**EXERCISE DETAILS**.
With all pictures excluded, restate the records that follow exactly as written.

**PROVIDED DATA**.

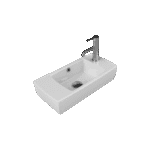 Cerastyle City Lavabo 25 x 50 cm (Batarya deliği sağda)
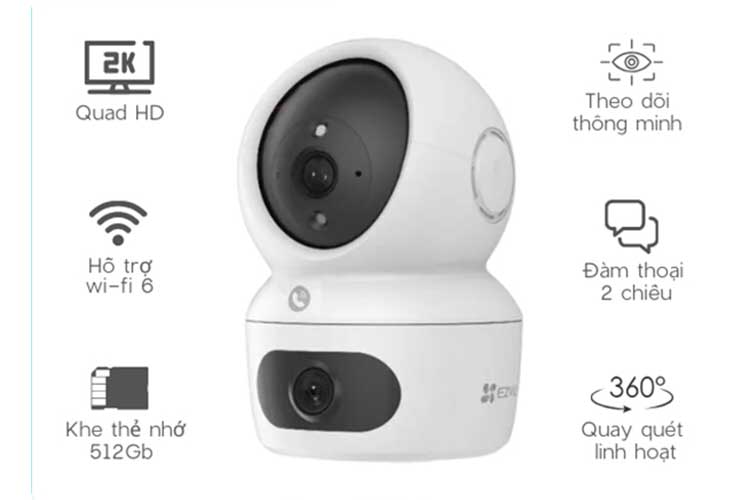 Camera WiFi ống kính kép Ezviz H7C (4MP+4MP)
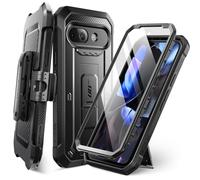 SUPCASE Cover per Google Pixel 9A con Pellicola Protettiva per Schermo, [Supporto Integrato e Clip per Cintura] [Protezione di Grado Militare] Custodia Completa per Pixel 9A 2025 (Nero)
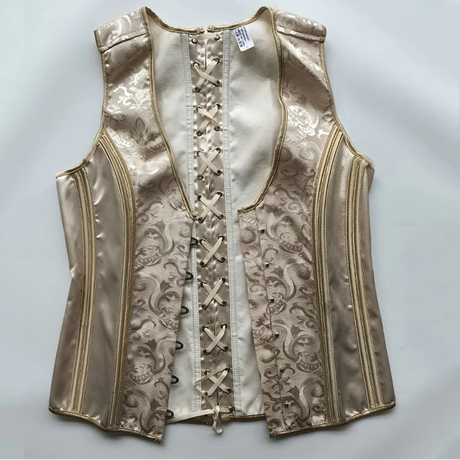 Men's Formal Boned Waistcoat Corset Vest Lace Up Burlesque Performance Stage Costume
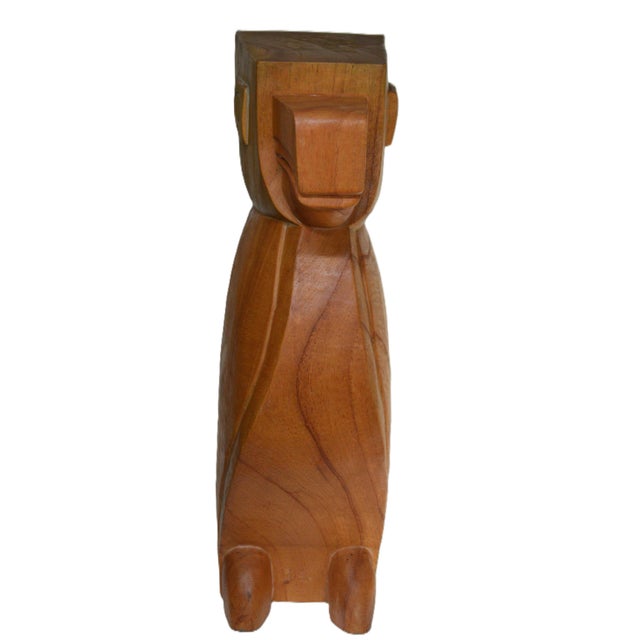 Doug LaFortune Salish Thunderbird Totemic Wood Carved Sculpture The sculpture is initialed at base. It's used in good...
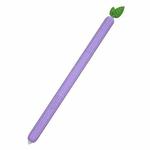 Fruit Vegetable Liquid Silicone Protective Cover for Samsung Galaxy S Pen(Purple)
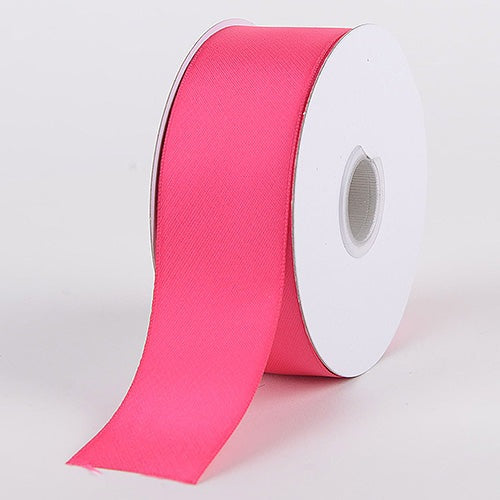 Ribbon Bazaar Wired Double Faced Satin - Hot Pink 1-1/2 25yd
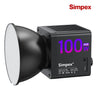 Simpex SLB-100R 100W Portable RGB Video Light | 26800mAh Built-in Battery, Full RGB for Location Studio Shoots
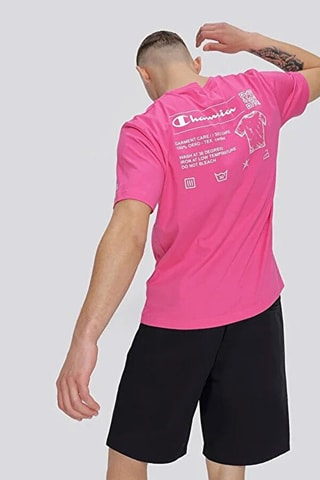 T-shirt - Rose - Blanc et rose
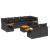 Set canapele de grădină cu perne, 10 piese, negru, poliratan GartenMobel Dekor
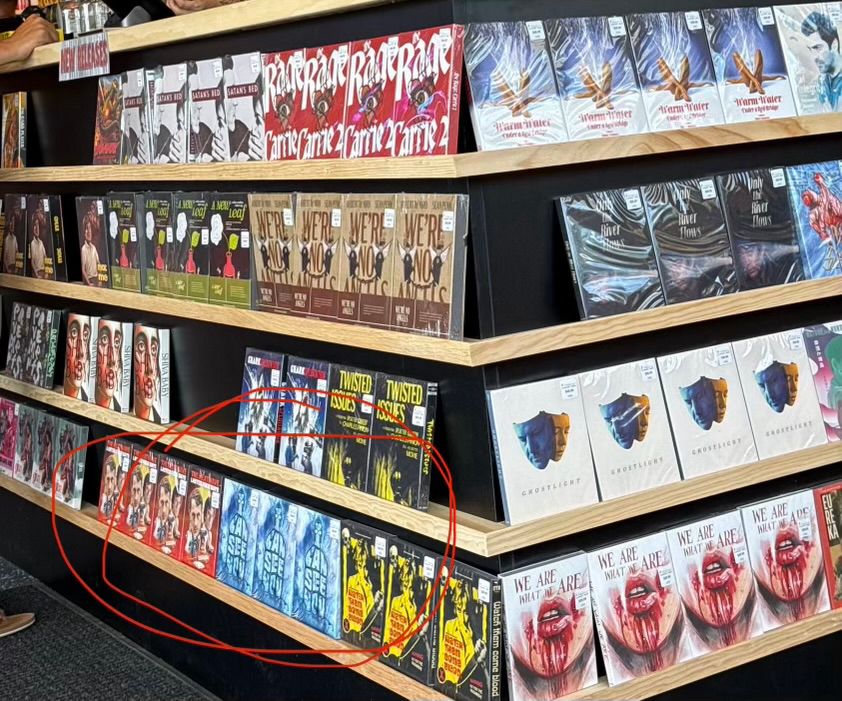 i can see you at the counter display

**RESULT OF THIS EXERCISE**.
 Cerastyle City Lavabo 25 x 50 cm (Batarya deliği sağda)
 Camera WiFi ống kính kép Ezviz H7C (4MP+4MP)
 SUPCASE Cover per Google Pixel 9A con Pellicola Protettiva per Schermo, [Supporto Integrato e Clip per Cintura] [Protezione di Grado Militare] Custodia Completa per Pixel 9A 2025 (Nero)
 Men's Formal Boned Waistcoat Corset Vest Lace Up Burlesque Performance Stage Costume
 Doug LaFortune Salish Thunderbird Totemic Wood Carved Sculpture The sculpture is initialed at base. It's used in good...
 Fruit Vegetable Liquid Silicone Protective Cover for Samsung Galaxy S Pen(Purple)
 Ribbon Bazaar Wired Double Faced Satin - Hot Pink 1-1/2 25yd
 Simpex SLB-100R 100W Portable RGB Video Light | 26800mAh Built-in Battery, Full RGB for Location Studio Shoots
 T-shirt - Rose - Blanc et rose
 Set canapele de grădină cu perne, 10 piese, negru, poliratan GartenMobel Dekor
 i can see you at the counter display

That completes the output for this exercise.